Anche in questo caso chiediamo, quindi, che le autorità nazionali abbiano la facoltà di limitare l'applicazione del countercyclical capital buffer a livello regionale, salvaguardando i contesti locali bisognosi di trattamenti differenziati. Fare diversamente significherebbe penalizzare, in tali contesti, non soltanto le banche, ma anche il tessuto imprenditoriale da esse servito.
Concludendo, è importante, per noi, mantenere la nostra capacità di sostegno alla clientela di riferimento, costituita dalle piccole e medie imprese.
Riassumendo le principali criticità, le nuove misure sono molto più restrittive per quanto riguarda la computabilità dei mezzi patrimoniali. Con le nuove regole, di fatto, il patrimonio di vigilanza sarà diminuito, non fosse altro che per la diversa considerazione delle partite da portare in deduzione. Peraltro, l'obbligo di mantenimento del capital conservation buffer comporterà un incremento di oltre il 31 per cento della complessiva dotazione patrimoniale, che si tradurrà in un significativo restringimento delle leve operative delle banche nelle operazioni di impiego alla clientela.

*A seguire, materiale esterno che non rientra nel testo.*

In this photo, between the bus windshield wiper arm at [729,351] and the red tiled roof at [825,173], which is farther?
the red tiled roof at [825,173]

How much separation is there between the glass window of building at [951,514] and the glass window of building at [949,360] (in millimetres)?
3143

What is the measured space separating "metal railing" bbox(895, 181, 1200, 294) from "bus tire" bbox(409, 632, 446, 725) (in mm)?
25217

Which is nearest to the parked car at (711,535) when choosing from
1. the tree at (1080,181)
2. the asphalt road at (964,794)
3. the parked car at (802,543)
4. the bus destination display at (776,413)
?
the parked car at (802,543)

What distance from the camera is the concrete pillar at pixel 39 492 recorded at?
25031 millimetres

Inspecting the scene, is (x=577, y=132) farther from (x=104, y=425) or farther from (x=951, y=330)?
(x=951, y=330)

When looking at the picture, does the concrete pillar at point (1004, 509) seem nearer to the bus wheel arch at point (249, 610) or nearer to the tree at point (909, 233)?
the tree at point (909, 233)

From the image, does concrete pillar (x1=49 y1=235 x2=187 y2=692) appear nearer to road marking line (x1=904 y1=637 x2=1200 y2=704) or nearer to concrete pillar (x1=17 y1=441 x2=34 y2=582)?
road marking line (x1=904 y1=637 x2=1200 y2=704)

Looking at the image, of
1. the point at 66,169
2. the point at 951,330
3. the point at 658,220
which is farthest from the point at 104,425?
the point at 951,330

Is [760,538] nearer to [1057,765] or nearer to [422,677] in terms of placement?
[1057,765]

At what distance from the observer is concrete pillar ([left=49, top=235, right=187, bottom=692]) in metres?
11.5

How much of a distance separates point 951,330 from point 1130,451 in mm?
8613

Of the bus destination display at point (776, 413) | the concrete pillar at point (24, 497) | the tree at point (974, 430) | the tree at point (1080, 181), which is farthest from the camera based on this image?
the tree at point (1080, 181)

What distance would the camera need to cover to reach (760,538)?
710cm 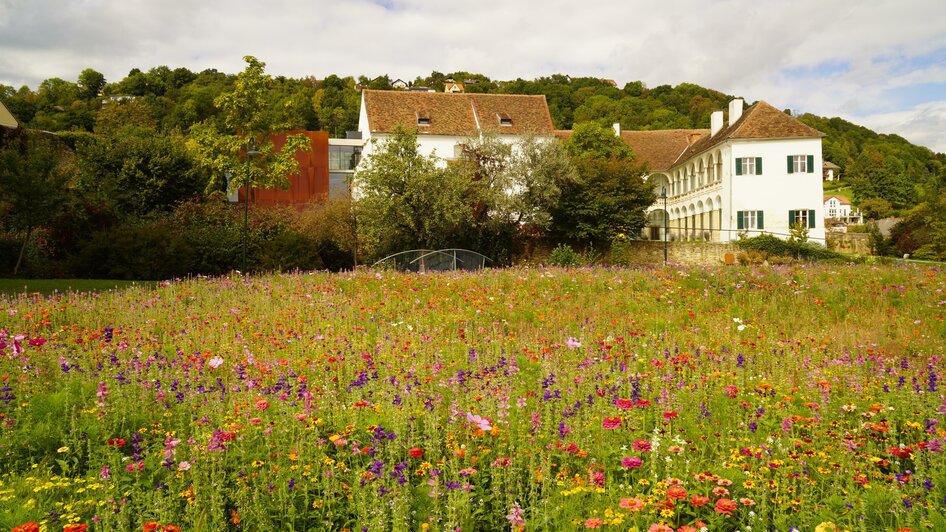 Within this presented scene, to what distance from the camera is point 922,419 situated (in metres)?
5.16

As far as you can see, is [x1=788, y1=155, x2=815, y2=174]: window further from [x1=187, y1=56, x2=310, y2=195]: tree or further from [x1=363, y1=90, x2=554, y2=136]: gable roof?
[x1=187, y1=56, x2=310, y2=195]: tree

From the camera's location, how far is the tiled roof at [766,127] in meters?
47.8

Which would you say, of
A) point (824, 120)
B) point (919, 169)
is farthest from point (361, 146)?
point (919, 169)

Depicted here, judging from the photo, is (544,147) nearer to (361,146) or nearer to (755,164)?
(755,164)

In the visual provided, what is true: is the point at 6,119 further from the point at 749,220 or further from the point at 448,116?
the point at 749,220

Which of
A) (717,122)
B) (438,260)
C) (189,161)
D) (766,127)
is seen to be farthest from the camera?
A: (717,122)

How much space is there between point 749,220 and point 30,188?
147ft

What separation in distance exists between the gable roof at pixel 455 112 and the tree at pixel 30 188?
99.6 ft

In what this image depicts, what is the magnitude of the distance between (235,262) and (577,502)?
1186 inches

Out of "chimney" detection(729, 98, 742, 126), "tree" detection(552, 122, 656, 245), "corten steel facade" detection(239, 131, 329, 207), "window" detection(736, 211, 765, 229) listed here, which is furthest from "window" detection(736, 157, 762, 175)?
"corten steel facade" detection(239, 131, 329, 207)

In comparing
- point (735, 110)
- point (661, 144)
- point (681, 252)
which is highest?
point (735, 110)

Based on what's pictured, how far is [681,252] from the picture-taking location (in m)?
41.5

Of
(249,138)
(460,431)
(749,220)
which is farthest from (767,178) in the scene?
(460,431)

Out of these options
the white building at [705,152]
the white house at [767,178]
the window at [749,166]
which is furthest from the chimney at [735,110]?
the window at [749,166] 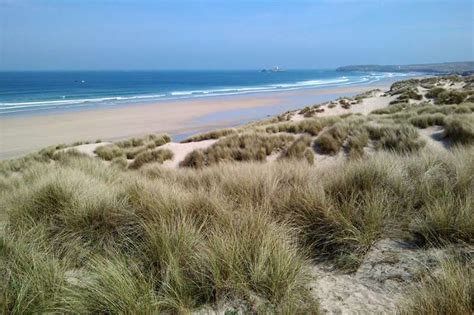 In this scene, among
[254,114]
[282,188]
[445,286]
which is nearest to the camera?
[445,286]

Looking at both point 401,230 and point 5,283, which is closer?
point 5,283

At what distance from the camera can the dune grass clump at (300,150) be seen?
1034cm

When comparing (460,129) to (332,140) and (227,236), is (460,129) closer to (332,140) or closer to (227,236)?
(332,140)

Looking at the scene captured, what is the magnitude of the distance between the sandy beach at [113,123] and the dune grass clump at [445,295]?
70.8 ft

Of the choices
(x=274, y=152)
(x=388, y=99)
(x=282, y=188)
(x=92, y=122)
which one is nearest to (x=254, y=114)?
(x=388, y=99)

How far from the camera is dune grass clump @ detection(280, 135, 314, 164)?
1034 centimetres

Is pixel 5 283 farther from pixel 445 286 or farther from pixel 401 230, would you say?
pixel 401 230

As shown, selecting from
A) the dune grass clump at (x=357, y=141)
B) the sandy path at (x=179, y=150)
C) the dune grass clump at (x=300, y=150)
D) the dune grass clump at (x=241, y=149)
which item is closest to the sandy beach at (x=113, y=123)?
the sandy path at (x=179, y=150)

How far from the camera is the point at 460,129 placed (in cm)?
1028

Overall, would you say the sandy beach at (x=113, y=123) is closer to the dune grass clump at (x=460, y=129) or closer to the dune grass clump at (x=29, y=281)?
the dune grass clump at (x=460, y=129)

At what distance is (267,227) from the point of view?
10.3 feet

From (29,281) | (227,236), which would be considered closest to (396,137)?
(227,236)

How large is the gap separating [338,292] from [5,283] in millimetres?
2489

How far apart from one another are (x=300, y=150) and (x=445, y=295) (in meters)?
8.84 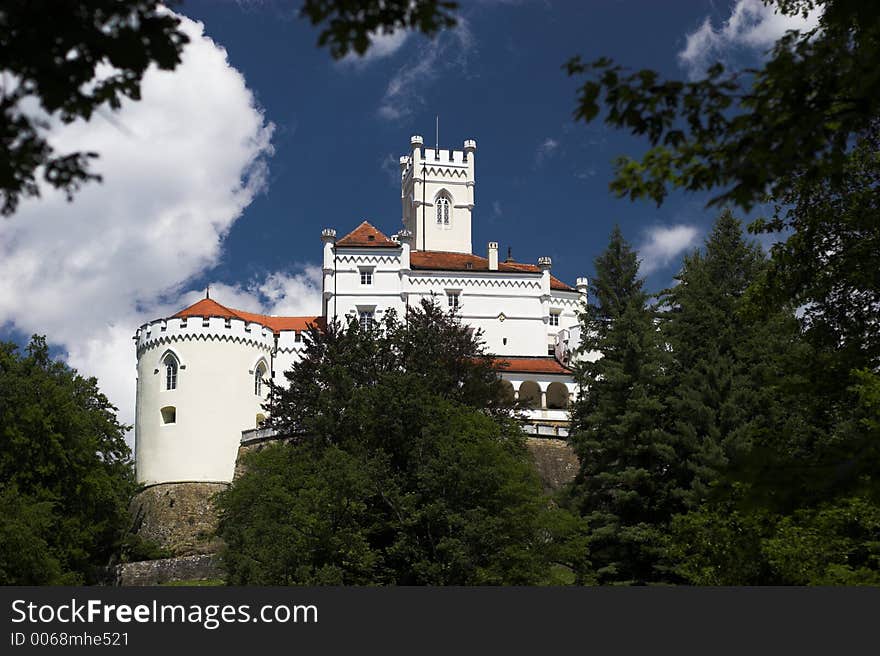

Poiché le piccole banche commerciali e la loro clientela di riferimento, cioè le piccole e medie imprese, hanno dimostrato, in questi anni, di meritare il beneficio di una ponderazione del rischio più mite, già ottenuto con il framework di Basilea 2, abbiamo fortemente appoggiato, unitamente alle altre associazioni di categoria, bancarie e imprenditoriali, la richiesta di introdurre un fattore correttivo, da applicare alle esposizioni nei confronti delle predette imprese ai fini del calcolo dei requisiti patrimoniali, in modo da ripristinare il precedente fattore di ponderazione del rischio.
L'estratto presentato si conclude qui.